Stranger on the doorstep: AI and upcoming AI Agents
- Authors
- Name
- Adam R Farley
- @adamrfarley
- Published on
- Published:
What's the harm in sharing your life with AI?
Nothing! Mostly nothing....
First a quick diversion. Quick, I promise.
I don't like folks knocking on my door. I am not talking about new neighbors or old friends. I am talking Segway driving, iPad holding sellers of new windows, pest control, lawn services and more.
Somehow having them in person. Waiting there on my doorstep feels even worse than all the random spam calls. I know they don't know my number. But if I answer (or even if I don't) they know where I live, what my house looks like. What I look like. What can they do with this? Not much....but it doesn't feel great. (if you're paying attention to the commercialization of AI you may be seeing where this is going.)

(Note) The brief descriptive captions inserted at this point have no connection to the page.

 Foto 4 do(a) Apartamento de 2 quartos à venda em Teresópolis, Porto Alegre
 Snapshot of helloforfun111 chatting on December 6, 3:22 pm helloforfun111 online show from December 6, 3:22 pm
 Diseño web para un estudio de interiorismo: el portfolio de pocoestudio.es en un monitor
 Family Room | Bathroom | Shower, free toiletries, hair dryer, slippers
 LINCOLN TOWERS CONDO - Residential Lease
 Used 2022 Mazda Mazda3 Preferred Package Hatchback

Back to AI - a mental model for AI with memories (and eventually agents) might be roughly that salesperson on your front steps or the dinner time spam caller. As a complete stranger, they offer to help pick up your yard, clean your closet, save you money. But in exchange they get to go through every drawer and closet in your house and take pictures. Scan all documents they find. unlock every lock and device. And they have savant level memory.
They go from stranger on the doorstep to best friend in a day or two. They know you well. Soon they are chatting with your other friends, and your friends start asking about your pregnancy losses, your fears about infidelity, things you thought were shared in confidence with this AI. Companies specializing in cyber stalking are texting you. Knowing way more about you than any of your friends. Half your best friends are faceless large corporations.
Your browsing habits, location data, communication patterns, and preferences are valuable commodities. Modern AI can deduce (sometimes incorrectly) incredibly personal information from seemingly innocent data points. You could face future discrimination in employment, insurance, or other critical areas based on algorithmic profiling.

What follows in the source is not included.